Seperti apakah pengaturan perizinan pembangunan rumah ibadat?

Bahwa pengaturan perizinan pembangunan rumah ibadat di Indonesia diatur dalam BAB IV, yang terdiri atas Pasal 13 sampai dengan Pasal 17 Peraturan Bersama Menteri Agama dan Menteri Dalam Negeri Nomor 9 Tahun 2006 / Nomor 8 Tahun 2006 tentang Pedoman Pelaksanaan Tugas Kepala Daerah/Wakil Kepala Daerah Dalam Pemeliharaan Kerukunan Umat Beragama, Pemberdayaan Forum Kerukunan Umat Beragama, dan Pendirian Rumah Ibadat, selanjutnya disebut dengan “Peraturan Bersama Menag dan Mendagri”.

 

KESIMPULAN

Kesimpulan daripada pengaturan perizinan pembangunan rumah ibadat itu wajib memenuhi persyaratan administratif dan persyaratan teknis bangunan gedung. Selain itu juga harus memenuhi persyaratan-persyaratan sebagai berikut:

  1. Daftar nama dan Kartu Tanda Penduduk (“KTP”)pengguna rumah ibadat yang paling sedikitnya 90 (sembilan puluh) orang yang disahkan oleh pejabat setempat sesuai dengan tingkat batas wilayah;
  2. Dukungan masyarakat setempat paling sedikit 60 (enam puluh) orang yang disahkan oleh lurah/kepala desa;
  3. Rekomendasi tertulis kepala kantor departemen agama kabupaten/kota; dan
  4. Rekomendasi tertulis Forum Kerukunan Umat Beragama kabupaten/kota.

Jika persyaratan 90 (sembilan puluh) nama dan KTP pengguna rumah ibadat terpenuhi tetapi syarat dukungan masyarakat setempat belum terpenuhi, maka pemerintah daerah berkewajiban memfasilitasi tersedianya lokasi pembangunan rumah ibadat.

Permohonan pendirian rumah ibadat diajukan oleh panitia pembangunan rumah ibadat kepada bupati/walikota untuk memperoleh Izin Mendirikan Bangunan (“IMB”)  rumah ibadat. Kemudian dalam waktu 90 (sembilan puluh) hari sejak permohonan pendirian rumah ibadat yang diajukan oleh panitia pembangunan rumah ibadat, bupati/walikota memberikan keputusan atas permohonan tersebut.

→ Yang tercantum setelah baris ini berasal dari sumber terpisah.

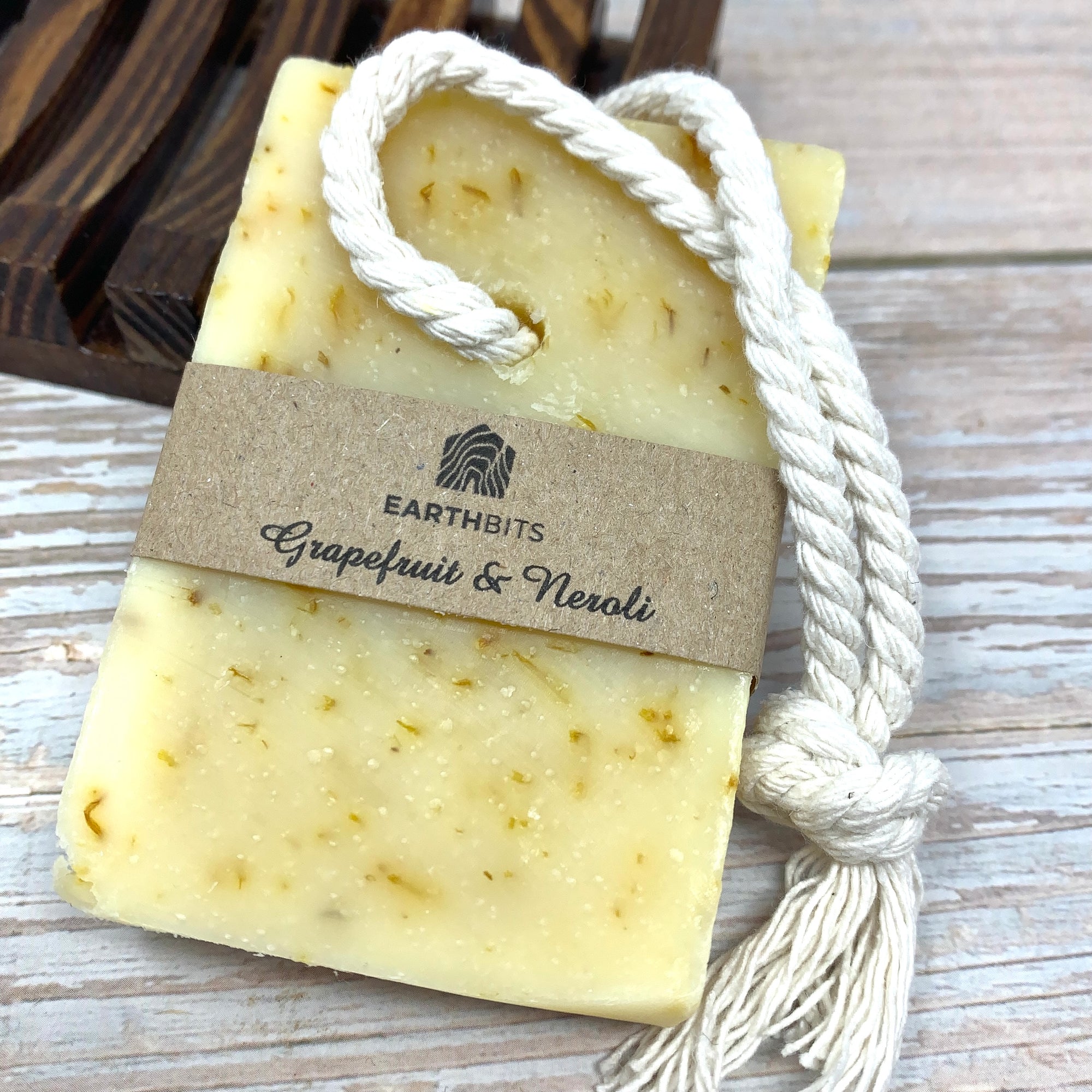 grapefruit and neroli soap on a rope with brown label and white cotton rope by earthbits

Selain hal-hal yang telah disebutkan di atas, bahwa pihak yang hendak mendirikan rumah ibadat rumah ibadat juga harus melihat kembali peraturan pada masing-masing daerah, dikarenakan dalam peraturan daerah sebagaimana dimaksud tersebut diatur lebih rinci lagi.

PERATURAN TERKAIT

  • Undang-Undang Dasar Negara Republik Indonesia Tahun 1945.
  • Undang-Undang Republik Indonesia Nomor 39 Tahun 1999 tentang Hak Asasi Manusia.
  • Peraturan Bersama Menteri Agama dan Menteri Dalam Negeri Nomor 9 Tahun 2006 / Nomor 8 Tahun 2006 tentang Pedoman Pelaksanaan Tugas Kepala Daerah/Wakil Kepala Daerah Dalam Pemeliharaan Kerukunan Umat Beragama, Pemberdayaan Forum Kerukunan Umat Beragama, dan Pendirian Rumah Ibadat.

 

ANALISIS

Bahwa pada dasarnya pendirian suatu rumah ibadat merupakan bagian daripada hak beragama yang juga merupakan hak asasi manusia yang tidak dapat dikurangi dalam keadaan apapun. Hal ini pun dijamin oleh negara dan telah termaktub dalam Pasal 29 ayat (2) Undang-Undang Dasar Negara Republik Indonesia Tahun 1945, selanjutnya disebut dengan “UUD NRI 1945”, yang menyatakan negara menjamin kemerdekaan tiap-tiap penduduk untuk memeluk agamanya masing-masing dan untuk beribadat menurut agamanya dan kepercayaannya itu. Adapun hal ini sebelumnya juga telah dinyatakan dalam Pasal 28E ayat (1) UUD NRI 1945, yang isinya adalah setiap orang berhak memeluk agama dan beribadat menurut agamanya, memilih pendidikan dan pengajaran, memilih pekerjaan, memilih kewarganegaraan, memilih tempat tinggal di wilayah negara dan meninggalkannya, serta berhak kembali. Serta hal ini juga dinyatakan dalam Pasal 22 Undang-Undang Republik Indonesia Nomor 39 Tahun 1999, yang isinya adalah sebagai berikut:

  • Setiap orang bebas memeluk agamanya masing-masing dan untuk beribadat menurut agamanya dan kepercayaannya itu.
  • Negara menjamin kemerdekaan setiap orang memeluk agamanya dan kepercayaannya itu.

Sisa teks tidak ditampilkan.